(Records for the task Opens)

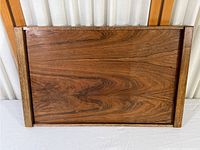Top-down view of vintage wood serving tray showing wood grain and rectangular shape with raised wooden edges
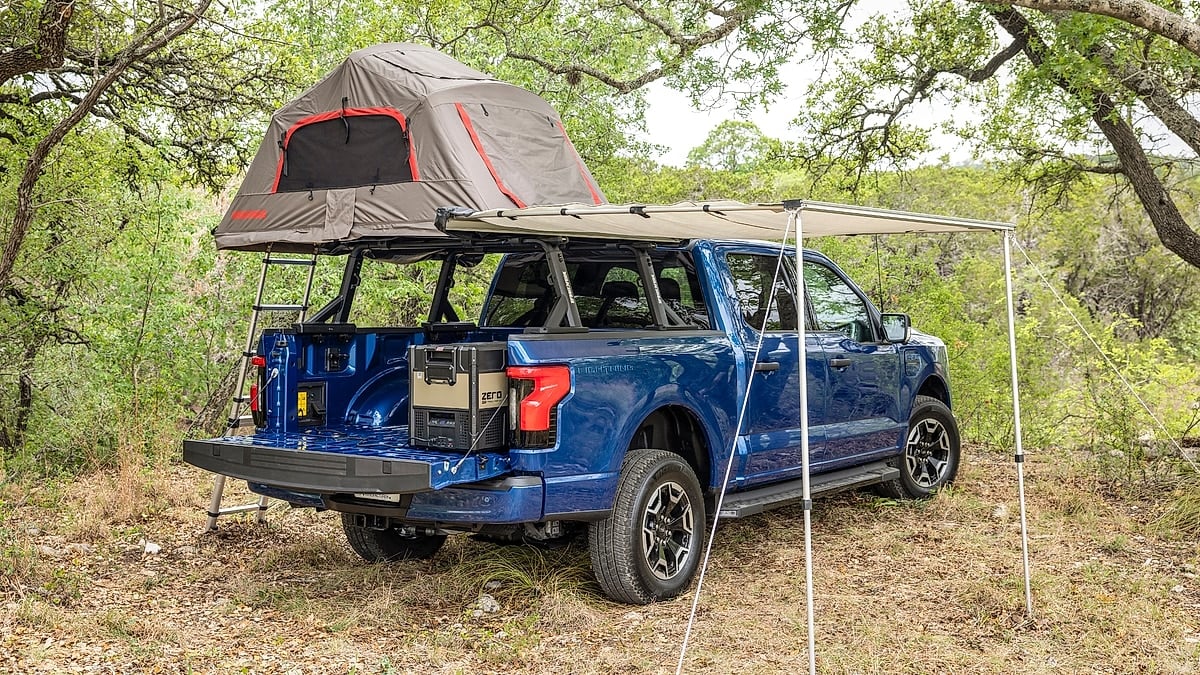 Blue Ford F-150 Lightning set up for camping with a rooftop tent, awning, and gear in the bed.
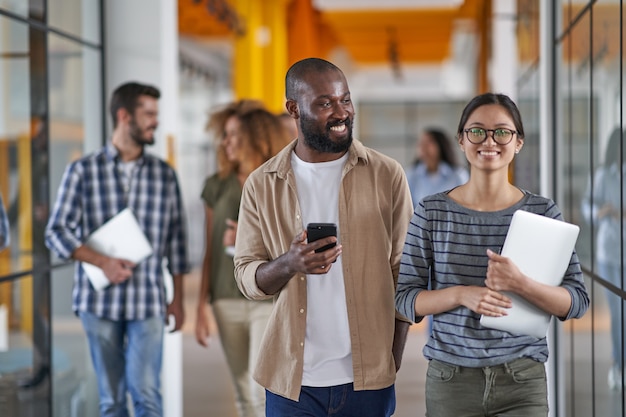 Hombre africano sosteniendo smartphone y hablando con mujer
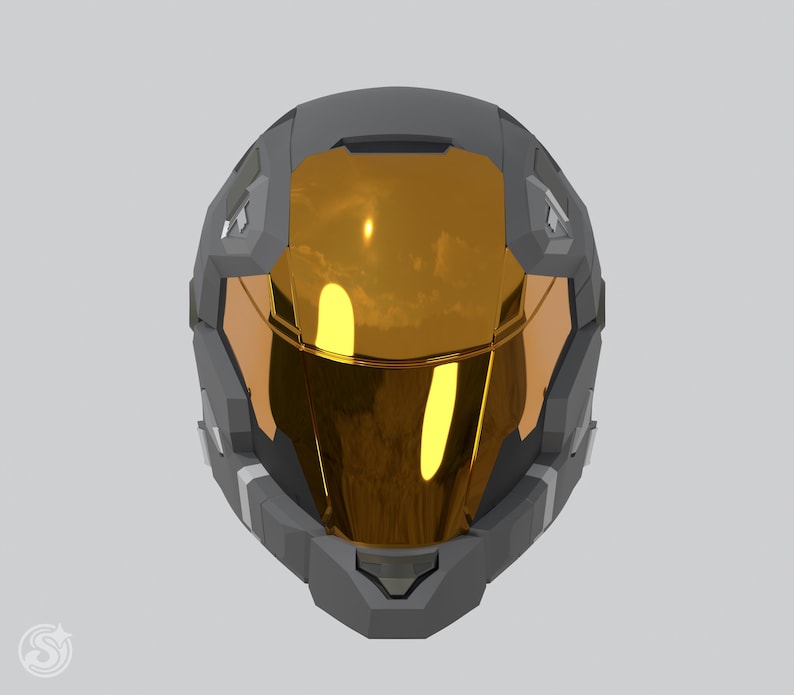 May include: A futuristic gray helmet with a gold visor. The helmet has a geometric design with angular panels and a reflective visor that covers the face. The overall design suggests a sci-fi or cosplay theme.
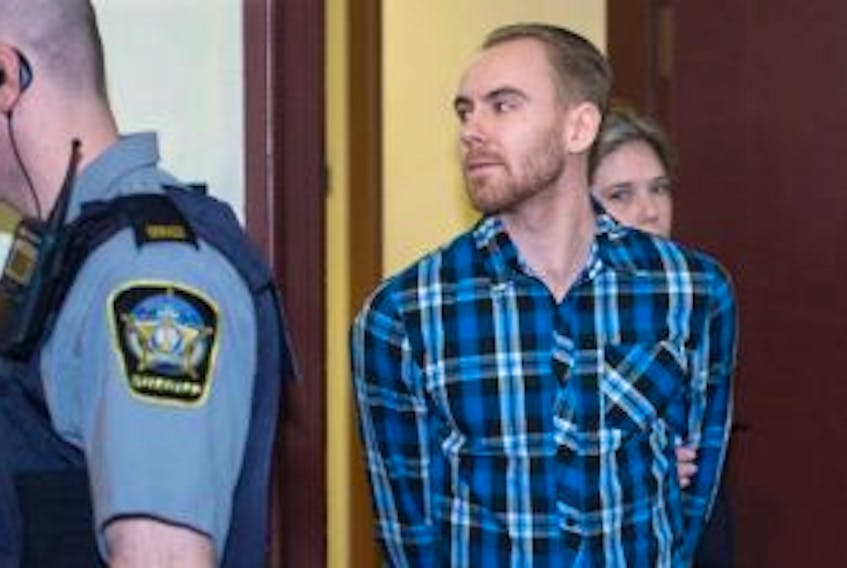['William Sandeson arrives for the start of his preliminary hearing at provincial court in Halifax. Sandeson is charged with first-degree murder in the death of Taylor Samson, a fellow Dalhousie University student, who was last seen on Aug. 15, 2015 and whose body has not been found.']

(Records for the task Closes)

What to work on:
All the data above is to be transcribed exactly, with no pictures included.

Solved exercise:
Top-down view of vintage wood serving tray showing wood grain and rectangular shape with raised wooden edges
 Blue Ford F-150 Lightning set up for camping with a rooftop tent, awning, and gear in the bed.
 Hombre africano sosteniendo smartphone y hablando con mujer
 May include: A futuristic gray helmet with a gold visor. The helmet has a geometric design with angular panels and a reflective visor that covers the face. The overall design suggests a sci-fi or cosplay theme.
['William Sandeson arrives for the start of his preliminary hearing at provincial court in Halifax. Sandeson is charged with first-degree murder in the death of Taylor Samson, a fellow Dalhousie University student, who was last seen on Aug. 15, 2015 and whose body has not been found.']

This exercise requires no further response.